_What needs to be done_
Of the entries below, return only those lines from the line with "Property photo of 17" to the line with "MBVL0010028LRL99 VMU green", exactly, both included.

(Records from a collection)
☆ ☆ ☆ ☆ ☆

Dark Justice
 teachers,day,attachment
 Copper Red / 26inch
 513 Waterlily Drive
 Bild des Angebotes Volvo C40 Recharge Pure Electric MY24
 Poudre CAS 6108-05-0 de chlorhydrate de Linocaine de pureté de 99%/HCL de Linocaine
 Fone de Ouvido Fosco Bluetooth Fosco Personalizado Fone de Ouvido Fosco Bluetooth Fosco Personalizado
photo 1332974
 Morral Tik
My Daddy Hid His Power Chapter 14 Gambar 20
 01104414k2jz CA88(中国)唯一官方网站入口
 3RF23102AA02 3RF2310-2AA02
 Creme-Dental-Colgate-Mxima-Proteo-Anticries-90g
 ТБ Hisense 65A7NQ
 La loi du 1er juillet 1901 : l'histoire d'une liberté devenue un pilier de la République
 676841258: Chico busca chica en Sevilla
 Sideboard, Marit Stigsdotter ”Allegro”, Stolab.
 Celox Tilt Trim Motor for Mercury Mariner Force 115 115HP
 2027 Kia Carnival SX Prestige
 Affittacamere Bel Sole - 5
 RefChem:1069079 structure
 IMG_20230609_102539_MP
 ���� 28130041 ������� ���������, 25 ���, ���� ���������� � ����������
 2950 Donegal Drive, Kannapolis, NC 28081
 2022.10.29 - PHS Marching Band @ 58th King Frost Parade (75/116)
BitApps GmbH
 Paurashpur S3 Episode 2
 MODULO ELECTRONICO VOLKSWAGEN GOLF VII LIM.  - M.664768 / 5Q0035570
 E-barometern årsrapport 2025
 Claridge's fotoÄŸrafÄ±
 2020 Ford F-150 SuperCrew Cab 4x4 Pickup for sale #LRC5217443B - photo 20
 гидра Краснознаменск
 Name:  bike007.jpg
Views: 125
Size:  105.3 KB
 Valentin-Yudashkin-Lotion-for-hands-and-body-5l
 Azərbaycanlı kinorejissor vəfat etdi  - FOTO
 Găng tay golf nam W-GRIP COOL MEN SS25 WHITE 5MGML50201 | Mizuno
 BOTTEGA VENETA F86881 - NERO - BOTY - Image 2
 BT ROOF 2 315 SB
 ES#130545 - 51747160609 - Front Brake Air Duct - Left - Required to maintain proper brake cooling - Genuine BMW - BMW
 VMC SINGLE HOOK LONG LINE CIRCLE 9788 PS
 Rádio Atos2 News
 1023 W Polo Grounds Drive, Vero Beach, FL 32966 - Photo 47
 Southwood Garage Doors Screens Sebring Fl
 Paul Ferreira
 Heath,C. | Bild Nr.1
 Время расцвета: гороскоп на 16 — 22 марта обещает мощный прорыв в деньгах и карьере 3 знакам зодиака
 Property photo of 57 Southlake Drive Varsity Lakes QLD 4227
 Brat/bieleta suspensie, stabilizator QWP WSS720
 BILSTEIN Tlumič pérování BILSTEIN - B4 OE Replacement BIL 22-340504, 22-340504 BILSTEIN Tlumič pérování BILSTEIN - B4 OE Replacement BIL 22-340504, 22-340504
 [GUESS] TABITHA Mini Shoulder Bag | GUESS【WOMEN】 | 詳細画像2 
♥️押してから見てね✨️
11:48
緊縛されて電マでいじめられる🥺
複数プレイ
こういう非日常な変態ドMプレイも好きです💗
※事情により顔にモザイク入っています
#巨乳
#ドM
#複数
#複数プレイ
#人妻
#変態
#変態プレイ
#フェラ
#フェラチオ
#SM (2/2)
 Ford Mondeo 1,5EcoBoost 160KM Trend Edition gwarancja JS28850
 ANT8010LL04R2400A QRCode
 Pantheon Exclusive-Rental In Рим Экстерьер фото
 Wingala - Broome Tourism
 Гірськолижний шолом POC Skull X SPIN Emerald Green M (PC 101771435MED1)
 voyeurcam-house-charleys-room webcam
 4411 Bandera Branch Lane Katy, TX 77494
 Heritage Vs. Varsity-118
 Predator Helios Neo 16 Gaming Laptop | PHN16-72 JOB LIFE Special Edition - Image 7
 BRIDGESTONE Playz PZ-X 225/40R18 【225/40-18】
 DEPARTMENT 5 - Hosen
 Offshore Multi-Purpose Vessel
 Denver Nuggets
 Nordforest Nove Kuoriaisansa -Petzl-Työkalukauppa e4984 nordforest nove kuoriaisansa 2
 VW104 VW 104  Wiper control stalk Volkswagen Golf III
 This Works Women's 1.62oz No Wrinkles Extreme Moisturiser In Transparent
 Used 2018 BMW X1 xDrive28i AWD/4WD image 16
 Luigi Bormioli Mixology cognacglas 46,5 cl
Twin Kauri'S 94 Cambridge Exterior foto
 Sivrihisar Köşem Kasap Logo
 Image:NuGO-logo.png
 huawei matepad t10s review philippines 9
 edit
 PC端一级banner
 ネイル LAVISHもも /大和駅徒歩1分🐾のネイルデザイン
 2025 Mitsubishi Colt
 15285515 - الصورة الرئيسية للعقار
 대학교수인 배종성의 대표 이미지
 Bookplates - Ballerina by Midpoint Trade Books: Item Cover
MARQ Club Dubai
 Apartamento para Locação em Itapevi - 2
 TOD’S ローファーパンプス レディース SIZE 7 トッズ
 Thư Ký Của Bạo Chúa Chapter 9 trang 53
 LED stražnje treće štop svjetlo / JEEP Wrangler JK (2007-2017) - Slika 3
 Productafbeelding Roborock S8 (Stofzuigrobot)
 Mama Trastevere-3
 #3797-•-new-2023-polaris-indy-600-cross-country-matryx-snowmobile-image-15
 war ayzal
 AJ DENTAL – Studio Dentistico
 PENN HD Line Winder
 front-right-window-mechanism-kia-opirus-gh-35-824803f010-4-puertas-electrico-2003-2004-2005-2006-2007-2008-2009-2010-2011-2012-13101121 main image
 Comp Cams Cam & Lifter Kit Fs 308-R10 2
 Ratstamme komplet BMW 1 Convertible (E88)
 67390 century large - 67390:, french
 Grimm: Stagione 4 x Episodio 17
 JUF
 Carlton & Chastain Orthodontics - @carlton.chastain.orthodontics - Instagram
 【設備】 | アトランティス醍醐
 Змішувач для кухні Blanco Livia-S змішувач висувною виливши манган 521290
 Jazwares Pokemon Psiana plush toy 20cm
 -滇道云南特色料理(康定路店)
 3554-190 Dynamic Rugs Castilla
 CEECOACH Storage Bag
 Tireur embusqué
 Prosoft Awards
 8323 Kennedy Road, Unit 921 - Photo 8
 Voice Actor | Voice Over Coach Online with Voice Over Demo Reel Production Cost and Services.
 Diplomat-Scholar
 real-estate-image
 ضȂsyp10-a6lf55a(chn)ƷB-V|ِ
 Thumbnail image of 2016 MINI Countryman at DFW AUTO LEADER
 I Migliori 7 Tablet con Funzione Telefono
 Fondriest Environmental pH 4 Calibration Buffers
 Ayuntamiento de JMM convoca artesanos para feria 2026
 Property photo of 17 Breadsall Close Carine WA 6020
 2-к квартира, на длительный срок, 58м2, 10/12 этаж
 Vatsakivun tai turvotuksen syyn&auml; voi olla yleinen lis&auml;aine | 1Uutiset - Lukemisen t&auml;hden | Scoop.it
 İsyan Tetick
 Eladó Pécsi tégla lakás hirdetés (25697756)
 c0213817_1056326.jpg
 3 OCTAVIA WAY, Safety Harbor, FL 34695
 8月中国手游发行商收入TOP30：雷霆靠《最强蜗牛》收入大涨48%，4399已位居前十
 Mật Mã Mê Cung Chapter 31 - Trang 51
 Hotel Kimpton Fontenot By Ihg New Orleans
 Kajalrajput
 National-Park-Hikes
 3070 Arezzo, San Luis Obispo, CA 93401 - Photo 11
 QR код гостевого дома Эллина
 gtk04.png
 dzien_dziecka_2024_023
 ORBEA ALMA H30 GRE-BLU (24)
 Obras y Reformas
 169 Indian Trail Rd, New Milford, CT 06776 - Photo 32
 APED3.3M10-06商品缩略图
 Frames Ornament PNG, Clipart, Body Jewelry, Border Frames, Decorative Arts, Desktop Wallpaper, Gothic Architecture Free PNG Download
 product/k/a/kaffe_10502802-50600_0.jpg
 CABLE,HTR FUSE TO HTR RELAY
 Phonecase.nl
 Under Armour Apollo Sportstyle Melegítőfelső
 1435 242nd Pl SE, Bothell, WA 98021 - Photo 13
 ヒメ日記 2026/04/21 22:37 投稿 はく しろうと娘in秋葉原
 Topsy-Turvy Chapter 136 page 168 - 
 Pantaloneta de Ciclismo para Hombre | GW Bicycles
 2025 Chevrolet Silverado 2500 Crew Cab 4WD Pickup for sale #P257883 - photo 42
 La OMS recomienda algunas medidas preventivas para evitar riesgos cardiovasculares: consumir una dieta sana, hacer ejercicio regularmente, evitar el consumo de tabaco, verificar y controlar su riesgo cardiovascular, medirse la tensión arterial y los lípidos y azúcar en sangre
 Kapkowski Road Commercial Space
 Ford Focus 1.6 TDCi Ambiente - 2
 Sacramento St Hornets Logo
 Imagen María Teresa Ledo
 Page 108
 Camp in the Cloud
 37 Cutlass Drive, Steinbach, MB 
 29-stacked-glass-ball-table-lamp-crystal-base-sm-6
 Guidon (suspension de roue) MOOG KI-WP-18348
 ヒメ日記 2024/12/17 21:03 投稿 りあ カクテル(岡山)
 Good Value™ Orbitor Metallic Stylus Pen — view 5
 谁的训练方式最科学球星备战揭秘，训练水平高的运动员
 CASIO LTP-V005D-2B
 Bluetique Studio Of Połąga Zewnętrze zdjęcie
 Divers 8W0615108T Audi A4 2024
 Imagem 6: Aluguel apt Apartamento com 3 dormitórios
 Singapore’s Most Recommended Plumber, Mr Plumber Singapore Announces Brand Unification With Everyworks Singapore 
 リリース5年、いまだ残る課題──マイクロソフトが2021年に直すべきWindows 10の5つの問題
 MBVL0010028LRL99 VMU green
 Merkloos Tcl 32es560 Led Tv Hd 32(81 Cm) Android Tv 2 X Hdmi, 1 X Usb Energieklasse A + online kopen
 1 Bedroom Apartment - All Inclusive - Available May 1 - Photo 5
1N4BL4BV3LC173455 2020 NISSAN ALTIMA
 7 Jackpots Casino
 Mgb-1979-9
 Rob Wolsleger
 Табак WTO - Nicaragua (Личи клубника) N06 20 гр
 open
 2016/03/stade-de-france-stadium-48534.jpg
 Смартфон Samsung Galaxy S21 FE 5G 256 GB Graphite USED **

☆ ☆ ☆ ☆ ☆

_Answer space_
 Property photo of 17 Breadsall Close Carine WA 6020
 2-к квартира, на длительный срок, 58м2, 10/12 этаж
 Vatsakivun tai turvotuksen syyn&auml; voi olla yleinen lis&auml;aine | 1Uutiset - Lukemisen t&auml;hden | Scoop.it
 İsyan Tetick
 Eladó Pécsi tégla lakás hirdetés (25697756)
 c0213817_1056326.jpg
 3 OCTAVIA WAY, Safety Harbor, FL 34695
 8月中国手游发行商收入TOP30：雷霆靠《最强蜗牛》收入大涨48%，4399已位居前十
 Mật Mã Mê Cung Chapter 31 - Trang 51
 Hotel Kimpton Fontenot By Ihg New Orleans
 Kajalrajput
 National-Park-Hikes
 3070 Arezzo, San Luis Obispo, CA 93401 - Photo 11
 QR код гостевого дома Эллина
 gtk04.png
 dzien_dziecka_2024_023
 ORBEA ALMA H30 GRE-BLU (24)
 Obras y Reformas
 169 Indian Trail Rd, New Milford, CT 06776 - Photo 32
 APED3.3M10-06商品缩略图
 Frames Ornament PNG, Clipart, Body Jewelry, Border Frames, Decorative Arts, Desktop Wallpaper, Gothic Architecture Free PNG Download
 product/k/a/kaffe_10502802-50600_0.jpg
 CABLE,HTR FUSE TO HTR RELAY
 Phonecase.nl
 Under Armour Apollo Sportstyle Melegítőfelső
 1435 242nd Pl SE, Bothell, WA 98021 - Photo 13
 ヒメ日記 2026/04/21 22:37 投稿 はく しろうと娘in秋葉原
 Topsy-Turvy Chapter 136 page 168 - 
 Pantaloneta de Ciclismo para Hombre | GW Bicycles
 2025 Chevrolet Silverado 2500 Crew Cab 4WD Pickup for sale #P257883 - photo 42
 La OMS recomienda algunas medidas preventivas para evitar riesgos cardiovasculares: consumir una dieta sana, hacer ejercicio regularmente, evitar el consumo de tabaco, verificar y controlar su riesgo cardiovascular, medirse la tensión arterial y los lípidos y azúcar en sangre
 Kapkowski Road Commercial Space
 Ford Focus 1.6 TDCi Ambiente - 2
 Sacramento St Hornets Logo
 Imagen María Teresa Ledo
 Page 108
 Camp in the Cloud
 37 Cutlass Drive, Steinbach, MB 
 29-stacked-glass-ball-table-lamp-crystal-base-sm-6
 Guidon (suspension de roue) MOOG KI-WP-18348
 ヒメ日記 2024/12/17 21:03 投稿 りあ カクテル(岡山)
 Good Value™ Orbitor Metallic Stylus Pen — view 5
 谁的训练方式最科学球星备战揭秘，训练水平高的运动员
 CASIO LTP-V005D-2B
 Bluetique Studio Of Połąga Zewnętrze zdjęcie
 Divers 8W0615108T Audi A4 2024
 Imagem 6: Aluguel apt Apartamento com 3 dormitórios
 Singapore’s Most Recommended Plumber, Mr Plumber Singapore Announces Brand Unification With Everyworks Singapore 
 リリース5年、いまだ残る課題──マイクロソフトが2021年に直すべきWindows 10の5つの問題
 MBVL0010028LRL99 VMU green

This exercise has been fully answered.